Y de ahí volvemos a comer junto a un pequeñito afluente del Neretva. Llegamos al restaurante sin haberlo planeado antes, pero es una de las recomendaciones que nos dio ayer el tipo del bus. El sitio se llama Hindin Han y comemos espectacularmente: loza, sarma, ensalada shopska, pan artesano, trucha y café bosnio. Yo conozco la comida, pero no deja de sorprenderme el sabor de estas verduras. La cercanía de estos sabores a una infancia que tan sólo puedo imaginar. A un tiempo que tal vez ni siquiera haya existido.
Antes de retomar el camino a la estación, decidimos pasar la tarde junto al río, observando a los que saltan desde el Puente Viejo y a los que lo hacen, turistas, desde una plataforma que nada tiene que envidiarle, en su tercera altura, a lo más elevado del propio puente. Nos llama la atención que los segundos vayan tomando ritmo y valentía, que le vayan perdiendo el miedo y lo hagan exclusivamente por diversión. Parece que compitan por dar el espectáculo, puesto que los saltadores del Puente Viejo no se animan si no es a base de dinero. La competencia parece que funciona y son varios los que se animan a lanzarse desde el viaducto para regocijo de los que observamos. Nosotros tres, con los pies metidos en el agua, no paramos de mirar a los de la plataforma, que escalan por la propia roca y suben luego por una escalera que da vértigo incluso desde abajo. Y luego, el salto. Desde las barcazas, muchas mujeres cubiertas de pies a cabeza dan el toque musulmán a una ciudad en la que hemos escuchado varias veces la llamada a la oración por parte de los almuédanos, que cantan al tiempo que chapotea una docena de turistas y autóctonos en las aguas veloces del Neretva.

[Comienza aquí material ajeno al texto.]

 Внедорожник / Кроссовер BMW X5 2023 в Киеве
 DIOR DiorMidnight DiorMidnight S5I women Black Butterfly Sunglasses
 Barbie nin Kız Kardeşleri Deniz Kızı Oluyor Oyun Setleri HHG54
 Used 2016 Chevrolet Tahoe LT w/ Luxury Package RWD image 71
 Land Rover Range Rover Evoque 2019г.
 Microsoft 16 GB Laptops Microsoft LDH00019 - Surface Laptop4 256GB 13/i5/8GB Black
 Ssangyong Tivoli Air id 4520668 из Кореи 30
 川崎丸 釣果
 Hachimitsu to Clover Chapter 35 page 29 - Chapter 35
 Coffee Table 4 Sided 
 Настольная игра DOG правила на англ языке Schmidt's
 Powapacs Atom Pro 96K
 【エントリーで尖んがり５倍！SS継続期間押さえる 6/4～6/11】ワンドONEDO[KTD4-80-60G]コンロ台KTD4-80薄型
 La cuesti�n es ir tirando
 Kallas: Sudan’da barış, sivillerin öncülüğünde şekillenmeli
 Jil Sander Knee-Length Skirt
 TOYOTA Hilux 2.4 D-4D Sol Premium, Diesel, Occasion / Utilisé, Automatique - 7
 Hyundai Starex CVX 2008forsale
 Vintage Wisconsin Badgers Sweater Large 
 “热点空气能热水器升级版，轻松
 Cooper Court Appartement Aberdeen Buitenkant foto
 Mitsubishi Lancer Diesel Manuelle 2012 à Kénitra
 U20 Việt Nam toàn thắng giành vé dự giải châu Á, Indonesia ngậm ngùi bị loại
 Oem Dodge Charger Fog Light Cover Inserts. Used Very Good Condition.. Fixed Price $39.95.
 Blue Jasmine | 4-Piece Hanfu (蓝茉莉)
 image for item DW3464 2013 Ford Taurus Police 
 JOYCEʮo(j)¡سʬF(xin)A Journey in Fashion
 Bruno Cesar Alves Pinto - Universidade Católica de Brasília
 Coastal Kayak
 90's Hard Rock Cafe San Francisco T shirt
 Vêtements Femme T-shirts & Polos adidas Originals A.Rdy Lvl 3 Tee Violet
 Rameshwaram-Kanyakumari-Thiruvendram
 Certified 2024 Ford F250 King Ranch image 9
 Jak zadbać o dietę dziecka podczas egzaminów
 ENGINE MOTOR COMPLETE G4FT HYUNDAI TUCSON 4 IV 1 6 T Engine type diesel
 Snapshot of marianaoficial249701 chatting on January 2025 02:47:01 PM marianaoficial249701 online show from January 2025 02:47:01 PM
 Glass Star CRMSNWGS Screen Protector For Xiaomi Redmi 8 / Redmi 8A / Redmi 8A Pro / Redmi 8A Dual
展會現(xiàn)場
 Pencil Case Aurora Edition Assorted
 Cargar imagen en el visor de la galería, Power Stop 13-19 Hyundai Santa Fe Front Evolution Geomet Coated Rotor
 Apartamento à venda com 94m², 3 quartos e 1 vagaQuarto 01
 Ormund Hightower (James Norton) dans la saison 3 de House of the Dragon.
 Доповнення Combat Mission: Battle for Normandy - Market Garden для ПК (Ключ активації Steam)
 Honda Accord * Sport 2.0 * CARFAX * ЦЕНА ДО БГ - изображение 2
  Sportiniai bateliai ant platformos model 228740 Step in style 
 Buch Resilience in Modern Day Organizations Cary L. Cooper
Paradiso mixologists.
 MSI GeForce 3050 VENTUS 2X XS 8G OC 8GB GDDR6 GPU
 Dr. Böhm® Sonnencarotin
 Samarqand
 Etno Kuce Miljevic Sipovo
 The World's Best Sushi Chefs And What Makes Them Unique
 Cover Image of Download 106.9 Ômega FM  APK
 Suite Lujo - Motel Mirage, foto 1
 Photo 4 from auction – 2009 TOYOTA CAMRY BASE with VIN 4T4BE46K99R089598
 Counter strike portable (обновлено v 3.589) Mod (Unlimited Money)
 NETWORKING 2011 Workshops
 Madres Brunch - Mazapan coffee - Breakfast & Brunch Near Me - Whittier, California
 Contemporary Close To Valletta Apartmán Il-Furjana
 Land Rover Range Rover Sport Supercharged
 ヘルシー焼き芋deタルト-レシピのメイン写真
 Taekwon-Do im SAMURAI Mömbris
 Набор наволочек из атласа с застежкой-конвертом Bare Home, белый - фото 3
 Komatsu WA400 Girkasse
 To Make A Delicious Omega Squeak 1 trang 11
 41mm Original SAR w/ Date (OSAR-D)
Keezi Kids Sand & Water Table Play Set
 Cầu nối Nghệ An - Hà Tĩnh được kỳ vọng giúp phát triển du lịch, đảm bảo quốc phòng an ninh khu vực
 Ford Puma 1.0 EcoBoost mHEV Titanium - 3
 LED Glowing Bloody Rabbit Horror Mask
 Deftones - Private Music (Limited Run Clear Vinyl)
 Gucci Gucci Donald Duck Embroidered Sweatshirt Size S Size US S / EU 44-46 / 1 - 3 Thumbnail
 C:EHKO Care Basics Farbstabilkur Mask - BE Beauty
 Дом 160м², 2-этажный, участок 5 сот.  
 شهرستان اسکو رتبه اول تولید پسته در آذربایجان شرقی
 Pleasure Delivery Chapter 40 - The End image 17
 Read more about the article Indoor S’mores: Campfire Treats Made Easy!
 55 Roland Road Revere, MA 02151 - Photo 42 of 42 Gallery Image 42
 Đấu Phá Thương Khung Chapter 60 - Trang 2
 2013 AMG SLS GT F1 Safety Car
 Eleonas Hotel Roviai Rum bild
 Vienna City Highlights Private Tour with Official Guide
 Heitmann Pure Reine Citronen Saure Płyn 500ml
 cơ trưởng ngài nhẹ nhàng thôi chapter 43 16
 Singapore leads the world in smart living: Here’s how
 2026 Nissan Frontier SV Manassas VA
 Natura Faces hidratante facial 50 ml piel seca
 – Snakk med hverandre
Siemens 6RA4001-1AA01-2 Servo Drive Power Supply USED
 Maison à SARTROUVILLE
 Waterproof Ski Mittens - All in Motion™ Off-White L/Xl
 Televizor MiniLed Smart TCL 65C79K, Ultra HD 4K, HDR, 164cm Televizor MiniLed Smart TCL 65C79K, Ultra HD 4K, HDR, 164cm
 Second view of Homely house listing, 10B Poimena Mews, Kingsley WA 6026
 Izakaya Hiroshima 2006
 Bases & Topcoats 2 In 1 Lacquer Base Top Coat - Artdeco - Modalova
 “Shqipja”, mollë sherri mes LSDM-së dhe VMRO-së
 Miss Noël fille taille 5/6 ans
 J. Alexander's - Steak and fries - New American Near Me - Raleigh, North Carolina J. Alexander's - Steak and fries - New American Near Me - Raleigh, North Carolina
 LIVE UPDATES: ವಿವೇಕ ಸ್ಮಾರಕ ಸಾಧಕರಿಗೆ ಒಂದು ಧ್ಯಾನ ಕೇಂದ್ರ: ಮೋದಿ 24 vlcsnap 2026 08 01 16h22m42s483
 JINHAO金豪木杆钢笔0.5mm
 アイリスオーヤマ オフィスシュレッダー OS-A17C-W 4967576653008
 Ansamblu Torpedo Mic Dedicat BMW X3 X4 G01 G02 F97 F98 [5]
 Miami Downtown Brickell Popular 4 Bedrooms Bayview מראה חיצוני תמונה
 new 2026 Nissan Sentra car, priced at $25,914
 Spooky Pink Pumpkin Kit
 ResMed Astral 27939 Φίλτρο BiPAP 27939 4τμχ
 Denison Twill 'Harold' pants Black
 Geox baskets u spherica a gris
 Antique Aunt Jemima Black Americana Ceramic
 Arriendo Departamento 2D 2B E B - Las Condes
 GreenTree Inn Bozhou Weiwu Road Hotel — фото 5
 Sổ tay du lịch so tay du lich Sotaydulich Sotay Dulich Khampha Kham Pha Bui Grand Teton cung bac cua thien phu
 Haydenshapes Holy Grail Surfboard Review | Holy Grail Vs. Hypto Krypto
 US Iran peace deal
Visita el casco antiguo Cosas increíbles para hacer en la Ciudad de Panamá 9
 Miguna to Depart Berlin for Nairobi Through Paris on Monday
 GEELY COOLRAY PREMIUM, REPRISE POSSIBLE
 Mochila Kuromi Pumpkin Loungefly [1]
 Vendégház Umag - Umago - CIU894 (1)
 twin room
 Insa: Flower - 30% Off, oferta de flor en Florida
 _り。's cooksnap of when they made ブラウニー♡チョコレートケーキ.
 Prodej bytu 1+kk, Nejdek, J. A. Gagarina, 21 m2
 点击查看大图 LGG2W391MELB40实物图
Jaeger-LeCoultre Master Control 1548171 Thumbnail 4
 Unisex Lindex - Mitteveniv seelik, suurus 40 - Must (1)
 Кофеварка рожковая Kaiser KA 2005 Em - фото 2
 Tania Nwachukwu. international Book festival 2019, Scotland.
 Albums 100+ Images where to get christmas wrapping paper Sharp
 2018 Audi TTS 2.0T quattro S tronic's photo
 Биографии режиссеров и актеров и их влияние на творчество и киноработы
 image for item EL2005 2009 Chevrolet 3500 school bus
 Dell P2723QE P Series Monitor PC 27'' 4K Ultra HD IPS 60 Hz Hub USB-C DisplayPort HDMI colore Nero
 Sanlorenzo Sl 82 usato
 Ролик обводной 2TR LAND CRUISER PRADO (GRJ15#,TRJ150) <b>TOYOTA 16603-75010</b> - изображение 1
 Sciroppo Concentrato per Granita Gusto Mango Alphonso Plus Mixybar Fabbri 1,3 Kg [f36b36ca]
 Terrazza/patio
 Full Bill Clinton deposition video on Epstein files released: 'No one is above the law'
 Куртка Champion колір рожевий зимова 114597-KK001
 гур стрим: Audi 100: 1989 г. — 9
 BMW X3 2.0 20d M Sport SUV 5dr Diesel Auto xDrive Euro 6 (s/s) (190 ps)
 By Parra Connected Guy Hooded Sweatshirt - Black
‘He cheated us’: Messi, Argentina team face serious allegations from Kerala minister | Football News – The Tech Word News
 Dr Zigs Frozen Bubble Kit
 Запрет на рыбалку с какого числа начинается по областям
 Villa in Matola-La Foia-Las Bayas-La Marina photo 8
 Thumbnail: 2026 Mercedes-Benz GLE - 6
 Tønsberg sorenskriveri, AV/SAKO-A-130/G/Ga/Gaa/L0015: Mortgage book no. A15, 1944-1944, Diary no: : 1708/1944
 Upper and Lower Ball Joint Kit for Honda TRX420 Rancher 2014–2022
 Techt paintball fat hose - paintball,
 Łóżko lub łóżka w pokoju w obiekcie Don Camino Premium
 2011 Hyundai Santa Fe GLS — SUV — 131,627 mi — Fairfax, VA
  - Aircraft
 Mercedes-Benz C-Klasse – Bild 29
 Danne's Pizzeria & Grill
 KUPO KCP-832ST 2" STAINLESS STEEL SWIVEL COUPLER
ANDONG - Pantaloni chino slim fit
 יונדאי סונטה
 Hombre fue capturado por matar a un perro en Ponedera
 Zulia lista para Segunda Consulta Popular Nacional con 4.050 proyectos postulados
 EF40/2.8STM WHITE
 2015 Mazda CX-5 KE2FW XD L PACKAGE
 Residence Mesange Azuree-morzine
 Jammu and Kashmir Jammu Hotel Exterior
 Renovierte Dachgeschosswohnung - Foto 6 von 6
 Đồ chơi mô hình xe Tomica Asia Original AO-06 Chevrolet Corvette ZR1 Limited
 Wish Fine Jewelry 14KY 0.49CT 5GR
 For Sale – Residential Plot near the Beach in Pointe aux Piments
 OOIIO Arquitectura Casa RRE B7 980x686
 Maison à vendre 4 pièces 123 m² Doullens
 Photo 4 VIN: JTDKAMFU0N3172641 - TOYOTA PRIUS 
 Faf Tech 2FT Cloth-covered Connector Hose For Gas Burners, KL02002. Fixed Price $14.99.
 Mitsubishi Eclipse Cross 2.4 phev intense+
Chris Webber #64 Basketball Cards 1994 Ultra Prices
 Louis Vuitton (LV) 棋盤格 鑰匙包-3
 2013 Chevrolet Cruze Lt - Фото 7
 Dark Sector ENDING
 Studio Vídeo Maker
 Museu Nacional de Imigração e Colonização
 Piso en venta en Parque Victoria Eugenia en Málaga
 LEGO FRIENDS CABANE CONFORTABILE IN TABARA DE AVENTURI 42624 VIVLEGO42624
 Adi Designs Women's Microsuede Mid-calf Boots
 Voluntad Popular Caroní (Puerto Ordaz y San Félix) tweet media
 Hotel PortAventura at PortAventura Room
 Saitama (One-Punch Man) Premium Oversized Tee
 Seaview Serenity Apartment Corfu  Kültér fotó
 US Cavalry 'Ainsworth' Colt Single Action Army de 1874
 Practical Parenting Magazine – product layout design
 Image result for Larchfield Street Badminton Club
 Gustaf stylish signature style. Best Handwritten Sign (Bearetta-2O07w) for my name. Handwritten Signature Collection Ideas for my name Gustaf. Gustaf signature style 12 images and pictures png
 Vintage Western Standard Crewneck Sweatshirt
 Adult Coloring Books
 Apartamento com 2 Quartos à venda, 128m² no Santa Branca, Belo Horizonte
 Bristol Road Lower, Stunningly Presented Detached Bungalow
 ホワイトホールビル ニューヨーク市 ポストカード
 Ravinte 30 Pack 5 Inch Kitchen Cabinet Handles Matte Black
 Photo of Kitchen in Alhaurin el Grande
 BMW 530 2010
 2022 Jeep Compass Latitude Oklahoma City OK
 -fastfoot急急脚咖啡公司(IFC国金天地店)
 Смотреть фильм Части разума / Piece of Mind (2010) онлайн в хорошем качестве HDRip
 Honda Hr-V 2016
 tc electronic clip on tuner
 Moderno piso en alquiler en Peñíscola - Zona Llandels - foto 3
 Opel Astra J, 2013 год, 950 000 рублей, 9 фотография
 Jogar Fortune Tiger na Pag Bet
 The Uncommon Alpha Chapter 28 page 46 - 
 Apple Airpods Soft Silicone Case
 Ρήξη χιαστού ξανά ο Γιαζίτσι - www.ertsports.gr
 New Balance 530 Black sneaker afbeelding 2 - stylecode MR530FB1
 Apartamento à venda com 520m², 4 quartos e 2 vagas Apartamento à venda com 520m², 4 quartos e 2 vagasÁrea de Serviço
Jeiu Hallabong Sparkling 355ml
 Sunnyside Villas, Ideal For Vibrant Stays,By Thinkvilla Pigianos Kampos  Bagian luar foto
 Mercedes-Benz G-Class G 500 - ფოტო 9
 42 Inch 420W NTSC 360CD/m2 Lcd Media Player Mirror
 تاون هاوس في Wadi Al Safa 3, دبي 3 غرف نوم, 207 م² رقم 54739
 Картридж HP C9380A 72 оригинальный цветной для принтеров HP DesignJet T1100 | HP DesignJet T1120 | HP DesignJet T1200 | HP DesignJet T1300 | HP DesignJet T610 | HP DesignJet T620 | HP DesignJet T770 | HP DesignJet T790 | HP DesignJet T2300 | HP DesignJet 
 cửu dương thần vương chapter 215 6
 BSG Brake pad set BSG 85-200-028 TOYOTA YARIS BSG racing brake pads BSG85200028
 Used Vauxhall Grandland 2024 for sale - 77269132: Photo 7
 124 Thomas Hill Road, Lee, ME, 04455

La cerveza artesana que nos tomamos junto al río nos sabe a gloria y nos da la fuerza para emprender el viaje de vuelta a la estación. Llegamos recorriendo la calle del Mariscal Tito, en cuyos edificios aún se aprecian los restos de metralla. Al final de todo, la estación, con nuestras mochilas y todos nuestros enseres en ese suelo sucio y descuidado; eso sí, a salvo. La estación es indescriptible, parece un solar que acabaran de reabrir como estación. Una especie de nave con vías, ninguna de ellas con un cartel que anuncie cuándo o desde cuál va a salir el tren. Pero los viajeros se agolpan en un mismo andén, el que está justo en el medio, de manera que desde él se pueda llegar a cualquiera de las dos vías que parecen útiles. Las letras que indican el nombre de la ciudad en la que estamos, en la pared, dejan espacio para un reloj que no funciona. El tren, un Talgo renovado que tiene pinta de haber surcado las vías españolas en un pasado más o menos reciente, hace su entrada en la estación con 19 minutos de retraso. Silencio y comodidad en todo el trayecto, pero los cristales tintados y la noche que ya cae sobre las montañas no nos dejan ver el paisaje. Es una lástima pero, en cualquier caso, el viaje en tren es un absoluto acierto. Llegamos a Sarajevo con 31 minutos de retraso. Será la ciudad que más historias nos dé en este viaje. Pero eso aún no lo sabemos.